Wer ihn oft hat hören dürfen – ob einst mit seinem Musikern aus Birmingham, Berlins selbstbewussten Philharmonikern oder jetzt mit dem Orchester, das er des Brexits wegen verlässt, um in München Chef zu werden – , der muss überlegen, wann aus dem energiegesättigten Feuerkopf der altersweise Maestro geworden ist. So minimalistisch wie entschieden zugleich.

Sir Simon (67) fordert merklich alles und doch regiert am Pult kein autoritärer Kontrollfreak.
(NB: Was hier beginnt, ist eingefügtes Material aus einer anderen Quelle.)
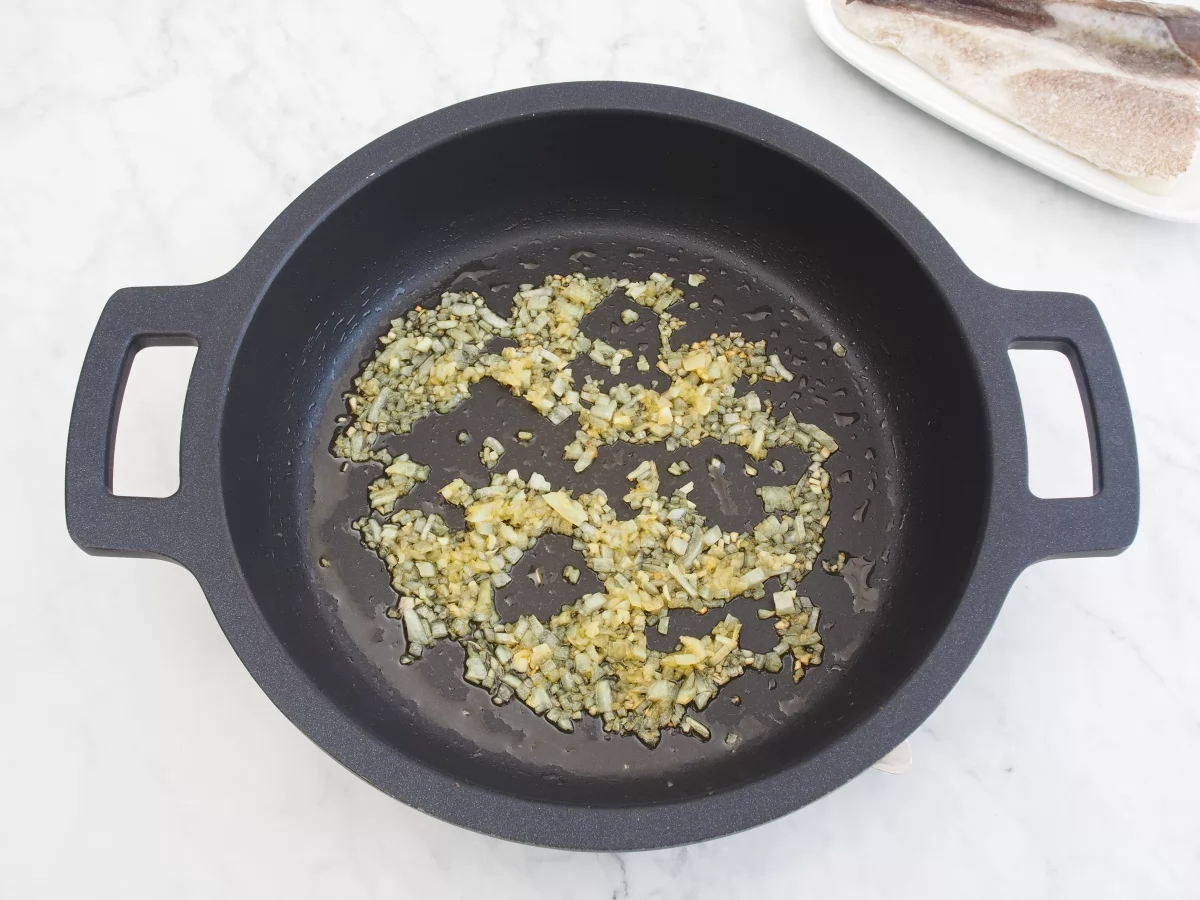 Sofreír la cebolla para el arroz con bacalao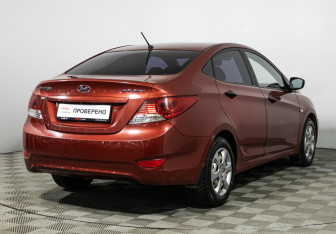 Подержанный автомобиль Hyundai Solaris Sedan 2012 года (5 фото)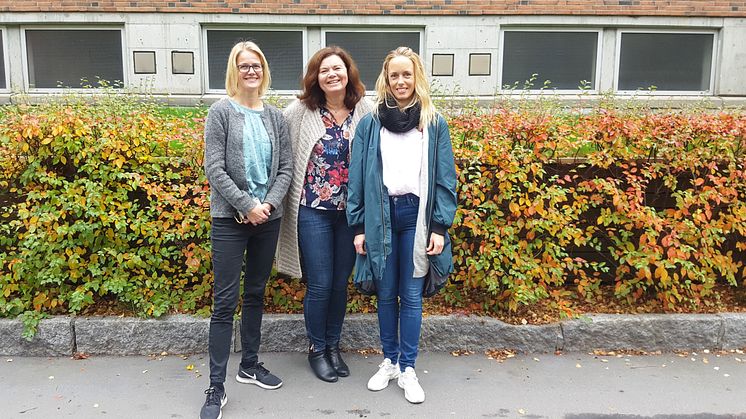 Fv fysioterapeut Synnøve Solgård fysioterapeut, enhetsleder Hege Gambo Rangsvåg og ergoterapeut Camilla Amundsen  (Foto Bydel Gamle Oslo)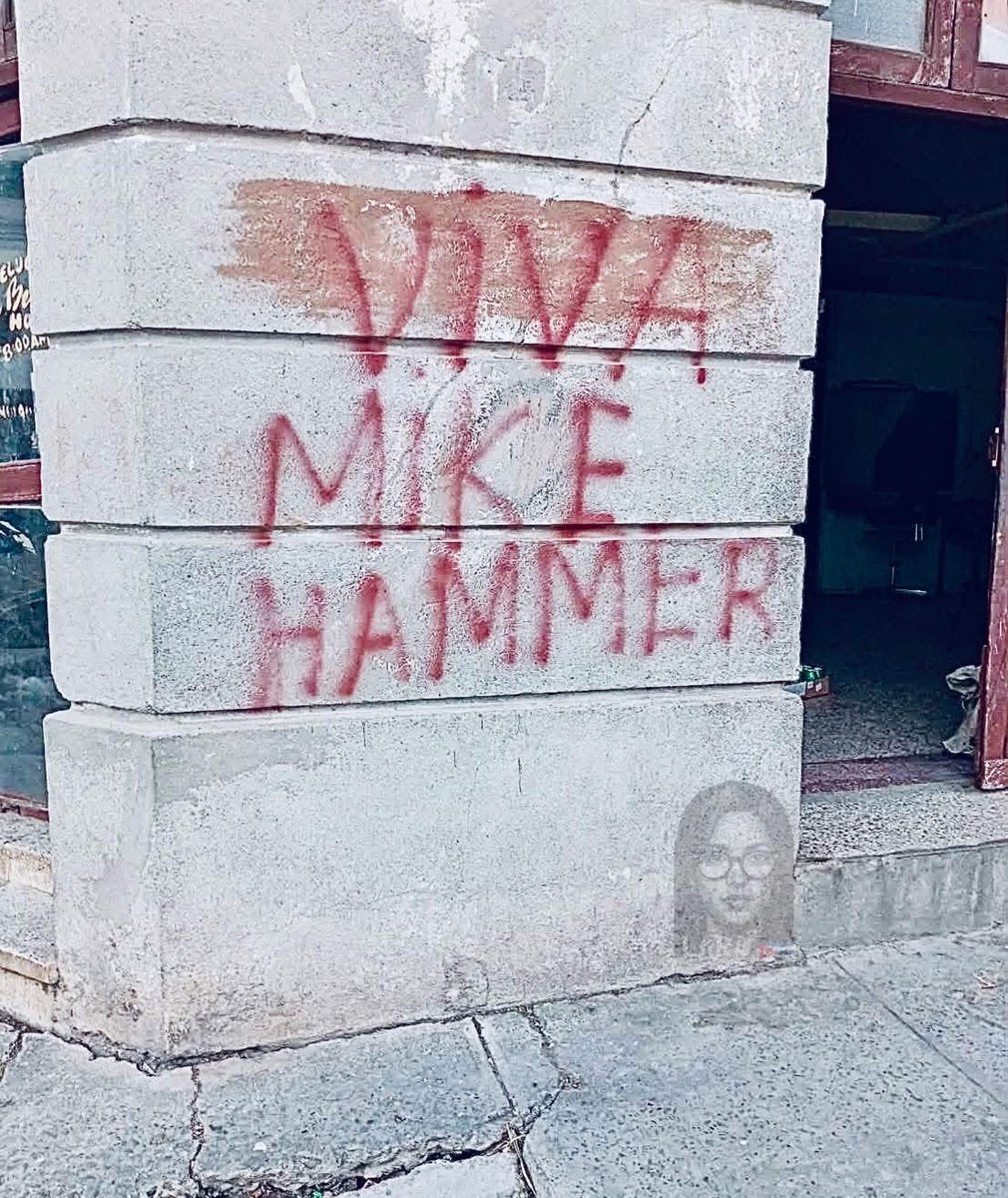 MagJorgeCastro's tweet photo. ⚠️⚠️Pintan cartel de “Viva Mike Hammer”, en un edificio de Santiago de Cuba.

La popularidad del Embajador estadounidense crece en la isla a pesar de los actos de repudio organizados desde el régimen en las últimas semanas.
El mensaje es claro🔨
📷LaraCrofs https://t.co/Y9fqIiEvCb
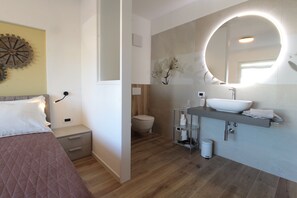 House, Patio, Mountain View | Free cribs/infant beds, free WiFi, bed sheets - House Martina (Limana)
Das Ergebnis ist authentisches, extrem stilsicheres Musizieren – hier mit einem Klangkörper, der seine hohe Spielkultur am Montag von der allerbesten Seite präsentiert.

Ungewöhnlich das Programm: Kurt Weils „Sieben Todsünden“, einst als Ballettmusik geschaffen. Köstlich, das mit großem sinfonischem Atem zu hören: wie die listig gebrochenen Zitate von den verlogenen Walzern bis zum Zweivierteltakt der Habanera das Hosianna des Wohlstandes aushöhlen! Ein grandioses Herrenquartett aus lauter Opernkönnern gab den Chor, sich als Encore mit einer hinreißenden Barbershop-Perle verabschiedend. Einzig Rattles Gattin enttäuschte: Weills doppelte Anna sang Magdalena Kožená mit einem irritierend operettigen Ton, teils nicht über das Orchester kommend. Dass in dieser Partie eines fallenden Mädchens von Beginn an unter der Glücksuche die Gosse mäandert, erfühlt Kožená kaum.

Fulminantes Finale: Schumanns Zweite. Rattle hält das heikle Werk packend in der Balance: das Perpetuum-Mobile, die Schicksalsklage, die Skala Richtung Triumph. Das Zentrum des Adagio espressivo dimmt er per Extrem-Pianissimo an die Grenze des Hörbaren. Man saß auf der Stuhlkante – und das beglückt.